A vidência da artista se torna evidência da vista quando, pela graça de um gesto, por um gesto de graça, o objeto indiviso mostra seu viso vário, e, no visual desavisado, aflora o
visionário. Enquanto choque com a matéria, a vidência é presságio sem imagem e dá passagem ao viso vário, no visionário, com um passe de visagem.
A artista vidente cerra as pálpebras e abre as mãos para ver: o que visa, sem aviso, é topado pelo olho tapado da tatilidade, entre apalpos e tateios, pois a visagem vazão do viso vário se dá pelo convívio carnal com o material elástico e desistido de velho tecido,
de plástico usado: cobrir-se, cheirar, sujar-se, amassar, esticar, rasgar, amarrar, esperar tornar-se. Doravante, o objeto ali está, chocante, a nos olhar, não como objeto achado, mas, pelo choque com o corpo da artista, chocado.
Por um fio, se a amarração sem nó suspende o tecido sem corpo cabide. Em
queda livre, entregue à mera força da gravidade, o tecido cai como a veste do nada, na moleza esparramada, vago ao visual. Com a amarração serviço de vidente ––, o tecido sem corpo cabide não cai a esmo, cai em si mesmo. E assim, caído em si, o tecido cai bem, dele próprio vestido.
No entre dois vagante de forças adversas repuxo da gravidade e empuxo da amarração a insustentável firmeza do tecido é sustada na dobra sobre dobra, barra oca que es barra noutra. Embora dela derive a artista refere Bernini –, a barra oca não é, porém,
barroca. Barroca, a dobra é liberada pela mediação elementar entre veste e corpo veja que o fogo drapeja o manto de Santa Teresa. Barra oca, o tecido, que se redobra , sobra só e não sossobra, por um fio, e, assim, sem recobrar o corpo finito, recobre se retorcido, fazendo se escultura que transborda a figura e vaga pelo figural.

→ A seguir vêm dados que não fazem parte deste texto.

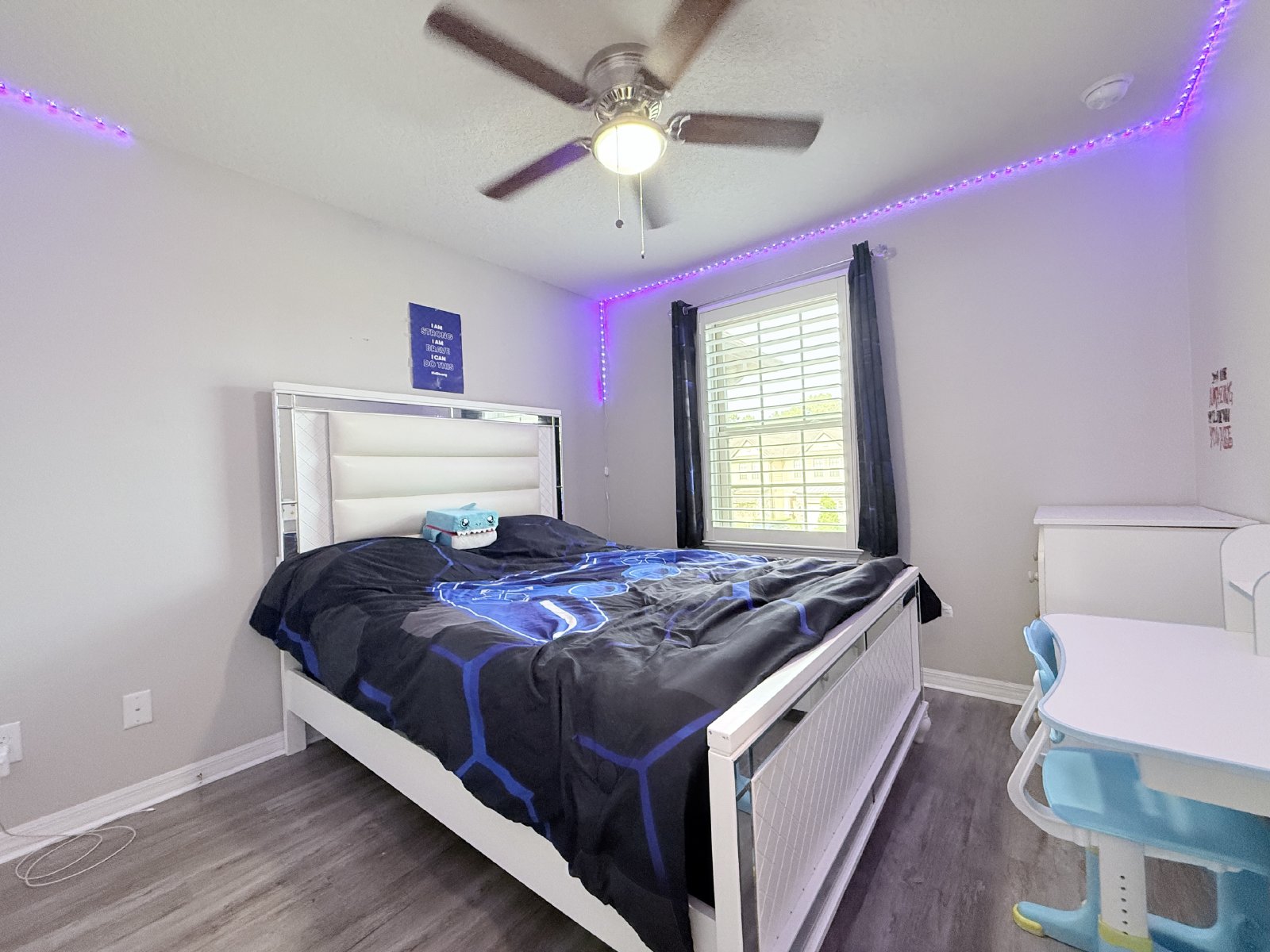 Updated Townhome in Gated Community, Spacious Layout & No Carpet! property image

A escultura de barra oca tira sarro da outra barroca, pois se nesta a dobra se gesta pelo fio do talho, aquela ganha o talho de dobra por um gesto de fio.
A amarração com fio de cordão ou tira (que do próprio pano se tira) não é mero varal onde o tecido queda sacudido no grau zero de superfície lisa. Sustentadora de estrias, de cordão ou tira, a amarração é pêndulo de enforcado e pedúnculo volátil, e, assim, faz revoar o tecido como acrobata do vácuo, cuja fibra se revira e vibra no ar com ar de viso vário no desvario do olhar visionário: visoviagem via visagem.

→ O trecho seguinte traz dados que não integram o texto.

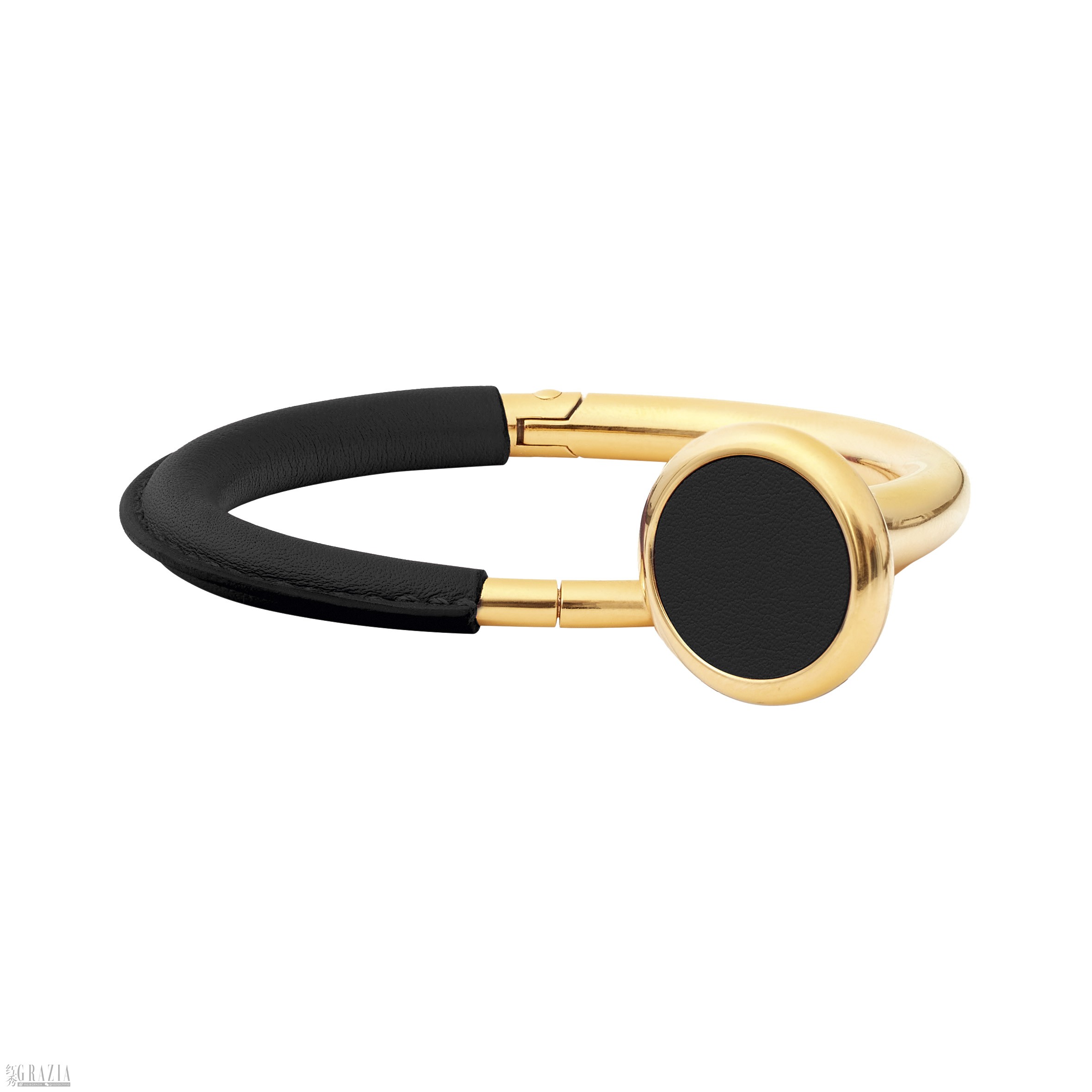 utjqw20230612115055.jpg Bracelet in Swift calfskin and golden metal AW23 Objets Hermes © Studio des Fleurs.jpg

Noutra fatura, o cordão envolve tecido ou plástico em voluta. A voluta de cordão, contudo, não se amarra com luta ou na marra: com tudo de volúpia mútua, se, por um lado,
é conduta de visagem, por outro lado, a voluta é conduto do viço e do bulício contido na matéria antes devoluta. O que se dá por feito são obras e esculturas de diversos feitios e estaturas. Miúdas e dispostas lado a lado em pouquíssimas unidades, umas se dão ares de fetiches em altares, tornando presente ao olho, ainda que cético, o ente místico além do estético. Outras, menos miúdas, se prendem como broches na parede, com formas nunca brochas, antes virtuosas, que se exibem ambíguas ou insólitas. Notem-se, também, os rizomas aéreos cuja expansão, dir-se-ia espontânea, se dilata pelas variantes e volumes de torções vertiginosas ao olhar preso ao costume, agora, num lume, surpreso. A voluta, ainda, quando envolve plástico ou tecido, os volve em bichos graúdos que se revolvem em nossa fauna imaginária.
Enfim, dobrando a matéria de velho tecido lívido e opaco plástico usado, Por um fio nos mergulha no silêncio esbranquiçado, refratando, nesse lance, o espaço expositivo. O
material, pela dobra da barra oca e da voluta, ganha o volume da carne e também seu colorido ao encarnar, não o encarnado, mas o encardido. Vistos de perto, os brancos encardidos variam da poluta palidez à hepática tez (bege escura) e, daí, ao cinza da carne suja ou pútrida. São tons eleitos, já que a artista não prepara suas tintas, mas com elas se depara nos objetos e materiais sem valimento, já maquiados pela paleta do envelhecimento. Dir-se-ia que, no seu trabalho, a artista toma a própria mão do tempo que urde a figura e esculpe a estatura do que está suspenso, por um fio, no suspense do desabamento.